Count me in, upper please.

----------


## JoannaB

Ok, this is not a promising beginning: it took me this long to realize/remember what people meant by upper - I even went so far as to google meaning of "upper" to see if there was some urban dictionary or online slang meaning of the word. Oy. Me, lower of course.  :smiley:

----------


## GrannyPigms

Sign me up, bro.

Oh, and of course I'm a lower league.

----------


## Ctharlhie

I'd like to join also. I'll try my luck at the upper league again I think.  :smiley:

----------


## PennyRoyal

Count me in. Lower.

----------


## StaySharp

Count me in as well. As for upper or lower... I have no clue actually, somehow I feel like I'm in between but I tend to lower league again. Just put me where you see it fit.

----------


## Sensei

@ staysharp and checker
I see stay sharp as upper. After 60 LDs, you known how yo LD, and things you can do to increase chances, so I feel like you are upper material, just might not always perform like an upper.  :smiley:  keep the fight! Live lucid for 3 weeks! (One week prior until the LD starts) with your knowledge of LDing and exp, you should perform like a beast. This competition is in summer break, so everyone should be able to put everything into it without school getting in the way! (School is annoying and time consuming). This is just my opinion checker, your competition.

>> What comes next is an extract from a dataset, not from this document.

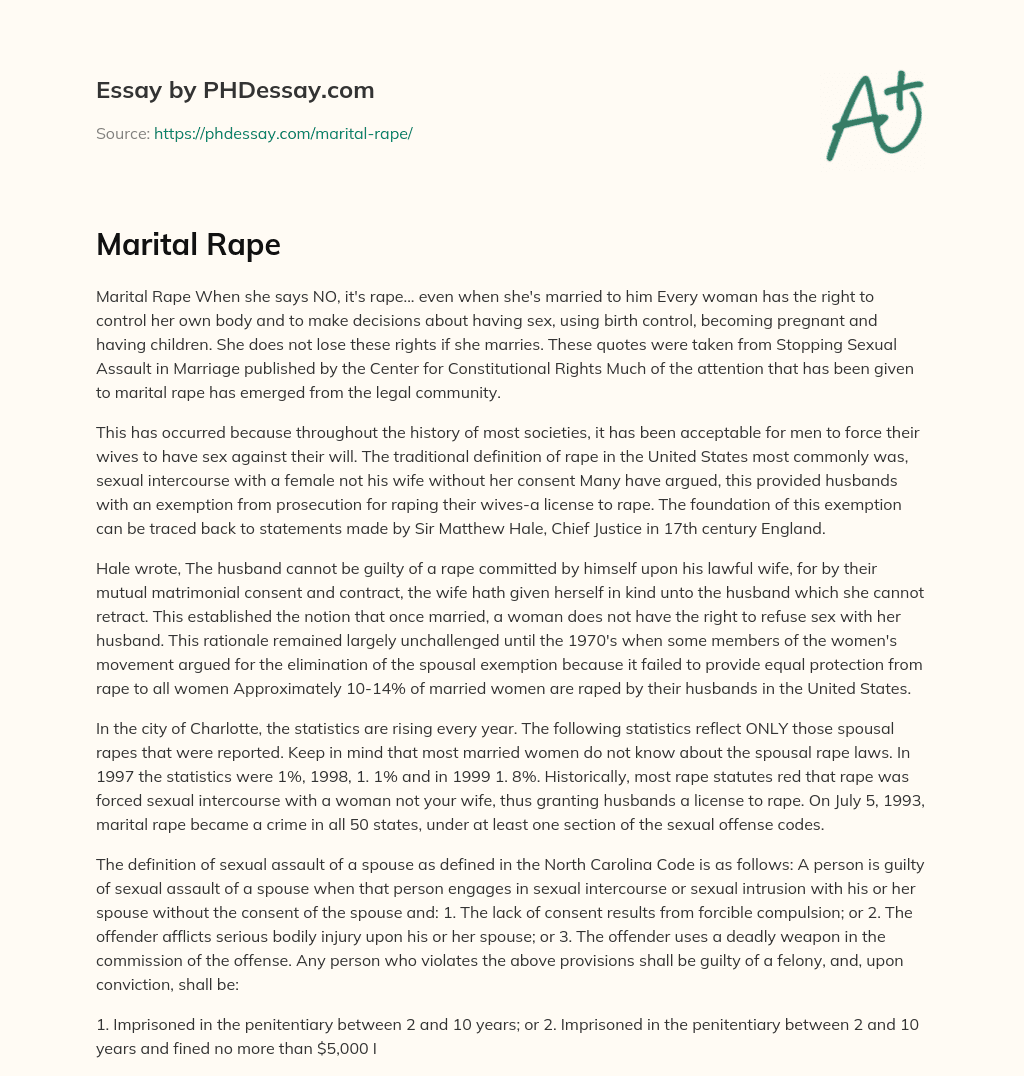 Marital Rape: The Right to Control One’s Own Body in Marriage essay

Also! Checker! I don't know if you are still taking new ideas to integrate into the competition, but I think it would be a good idea to have TOTM as part of it.

----------


## JoannaB

> @ staysharp and checker
> I see stay sharp as upper. After 60 LDs, you known how yo LD, and things you can do to increase chances, so I feel like you are upper material, just might not always perform like an upper.  keep the fight! Live lucid for 3 weeks! (One week prior until the LD starts) with your knowledge of LDing and exp, you should perform like a beast. This competition is in summer break, so everyone should be able to put everything into it without school getting in the way! (School is annoying and time consuming).

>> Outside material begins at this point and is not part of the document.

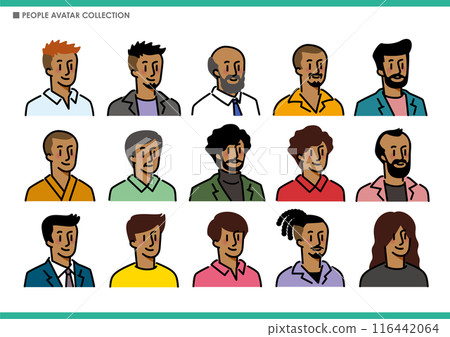 一組簡單的男性圖標 116442064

May I point out that some of us are very jealous of those of you who have a summer break. I wish my work had summer breaks. I will get to take a week family vacation this summer.

On the bright side though the weekend starts in half an hour for me, and I feel good about my dream recall, so maybe I can get lucid, and then I will be less grumpy and will magnanimously forgive you for flaunting your summer break.

----------


## Sensei

> May I point out that some of us are very jealous of those of you who have a summer break. I wish my work had summer breaks. I will get to take a week family vacation this summer.
> 
> On the bright side though the weekend starts in half an hour for me, and I feel good about my dream recall, so maybe I can get lucid, and then I will be less grumpy and will magnanimously forgive you for flaunting your summer break.



Ah. I don't get summer break either. :/ wish I did. I do get done with work and house work sooner in the summer though, so I can spend more time on LDing. Joanna you have kids and work full time?  ::shock::

----------


## JoannaB

> Ah. I don't get summer break either. :/ wish I did. I do get done with work and house work sooner in the summer though, so I can spend more time on LDing. Joanna you have kids and work full time?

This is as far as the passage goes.